In order to answer the given question we will use some known formulas which is the formula of volume to find out the volume of the liquid. After finding the volume of the liquid we will use the ideal gas law equation to find the molecular mass of the gas.

Complete answer: Given,
The weight of an evacuated glass vessel is equal to $50.0{\text{ }}g$
The weight of the liquid = $148.0{\text{ }}g$
Density of liquid = $0.98{\text{ }}g{\text{ }}m{L^{ - 1}}$
It weighs $50.5{\text{ }}g$ when filled with ideal gas at $760{\text{ }}mm{\text{ }}Hg$ and $300{\text{ }}K$ .
The liquid's actual weight is= $148.0{\text{ }} - {\text{ }}50.0{\text{ }} = {\text{ }}98{\text{ }}g.$
Volume of the liquid $= \dfrac{{Mass}}{{Density}}$=$\dfrac{{98}}{{0.98}} = 100$
The vessel volume = $100{\text{ }}ml$ vessel contains "ideal gas" at $760{\text{ }}mm{\text{ }}Hg$ and $300{\text{ }}K$ pressure and temperature, respectively.
Ideal gas weight = $50.5{\text{ }} - {\text{ }}50.0{\text{ }} = {\text{ }}0.5{\text{ }}g$
The ideal gas law is the state equation for a hypothetical ideal gas.
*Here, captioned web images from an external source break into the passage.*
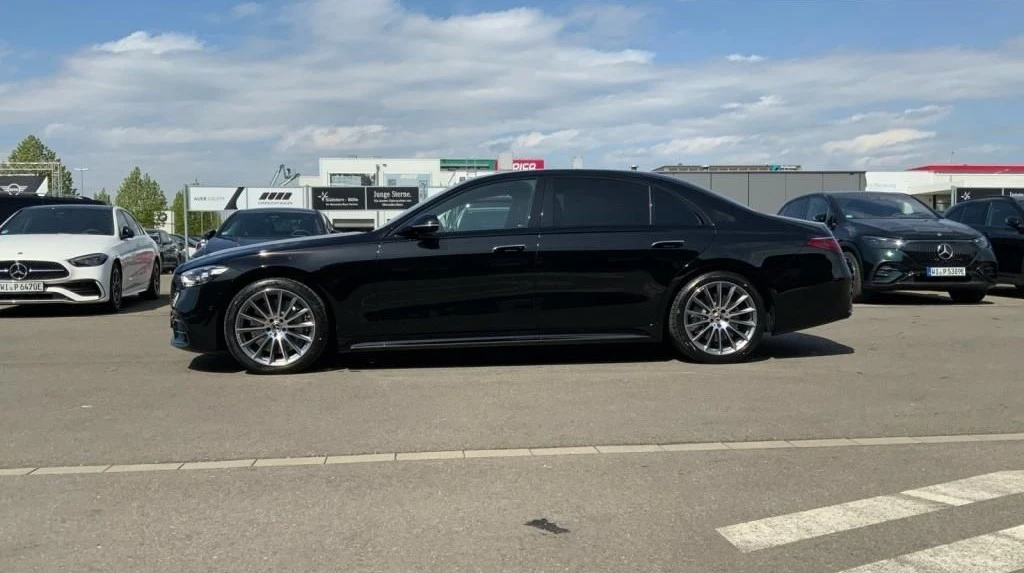 Mercedes-Benz S 450 d/ AMG/LONG/ 4-MATIC/ BURM/PANO/ DISTRONIC/ NIGHT/ - изображение 4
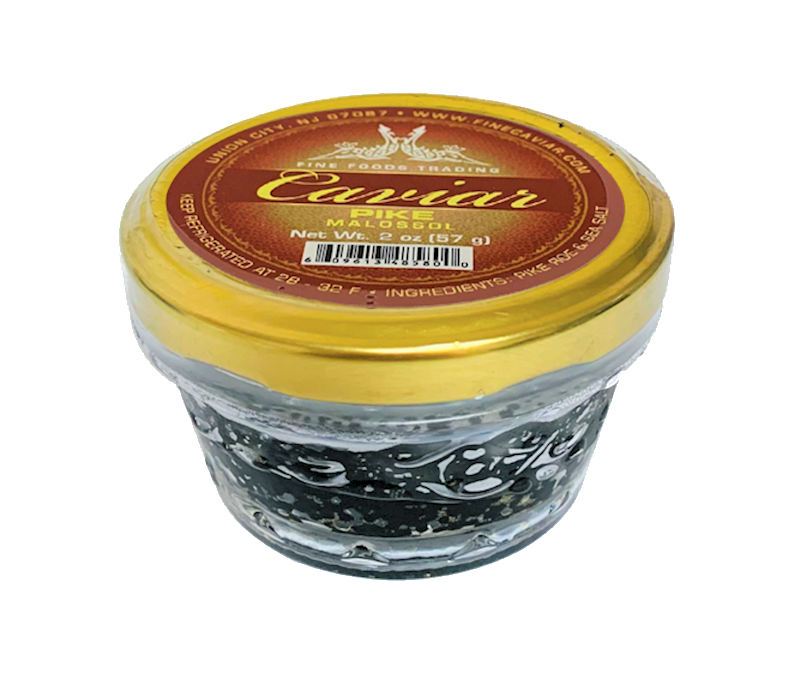 PIKE Black Caviar 56g $11.50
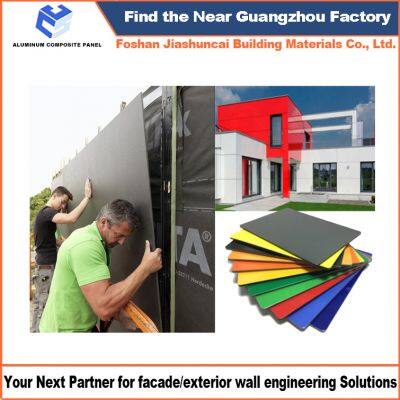 Jiashuncai Factory is a leading ACP aluminum composite panel ACM aluminium composite panel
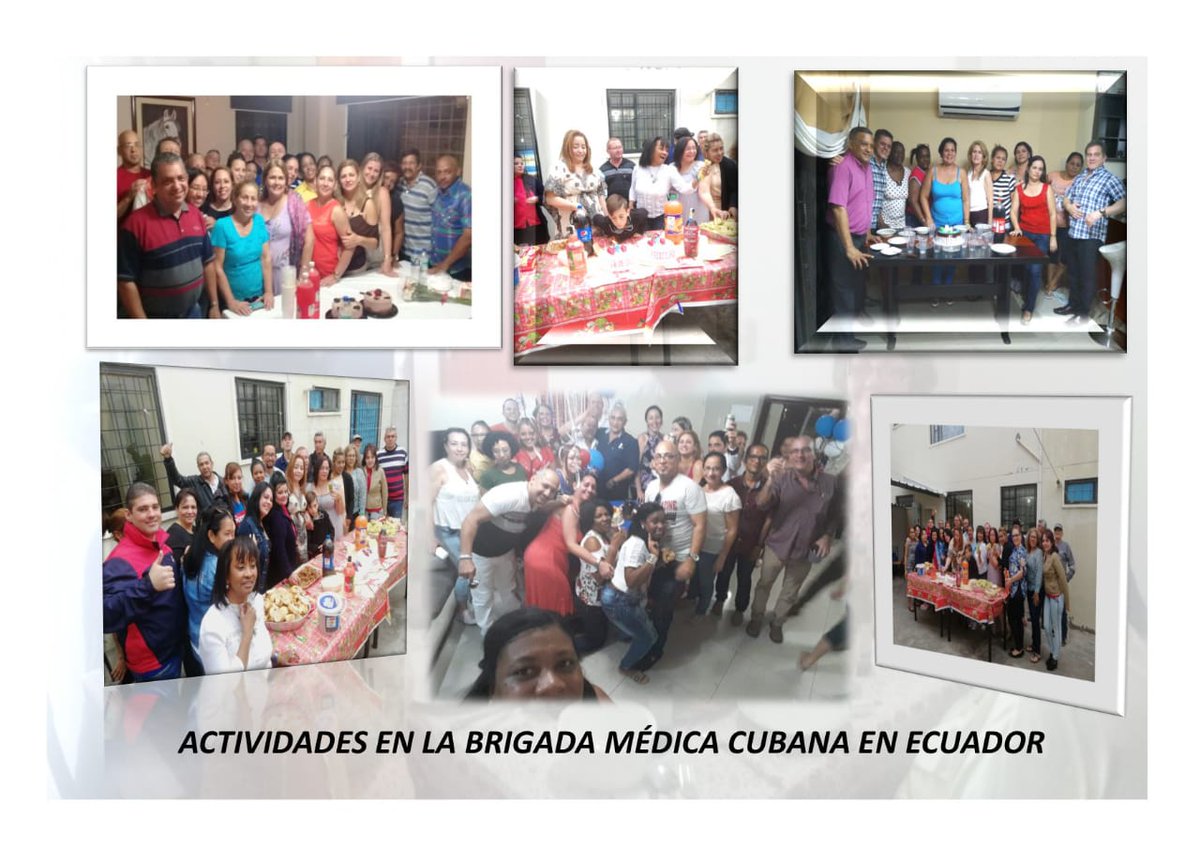 Maylin53105017's tweet photo. En nuestro colectivo de trabajo del IESS todos contribuimos a la salud del pueblo ecuatoriano. BMC Loja @embacuba_ecuad @brigadacubanae @CubacooperaCu #CubaEsSalud #CubaCoopera https://t.co/shKFcEPHiV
Despite its flaws, it is a good approximation to the behaviour of many gases under a variety of situations. $PV{\text{ }} = {\text{ }}nRT$ is the ideal gas equation.
Considering, $PV{\text{ }} = {\text{ }}nRT$
We know that, $n = \dfrac{w}{m}$
So, $PV$= $\dfrac{w}{m}RT$
$\Rightarrow \dfrac{{760}}{{760}} \times \dfrac{{100}}{{1000}} = \dfrac{{0.5}}{M} \times 0.0821 \times 300 \\\ \Rightarrow M = 123.15 \approx 123g \\\$
(We know that the ideal gas pressure is $760mm{\text{ }}Hg$ .) The given pressure is also $760mm{\text{ }}Hg$ . As a result, $\dfrac{{760}}{{760}}{\text{ }} = {\text{ }}P{\text{ }} = {\text{ }}1$ )
As a result, the gas's "molecular weight" $\left( m \right)$ = $123{\text{ }}g\,mo{l^{ - 1}}.$

Note:
The equation of state given here $\left( {PV = nRT} \right)$ only applies to an ideal gas or a real gas that behaves sufficiently like an ideal gas as an approximation. The equation of state can be expressed in a variety of ways. The ideal gas law is most accurate for monatomic gases at high temperatures and low pressures because it ignores both molecular size and intermolecular attractions.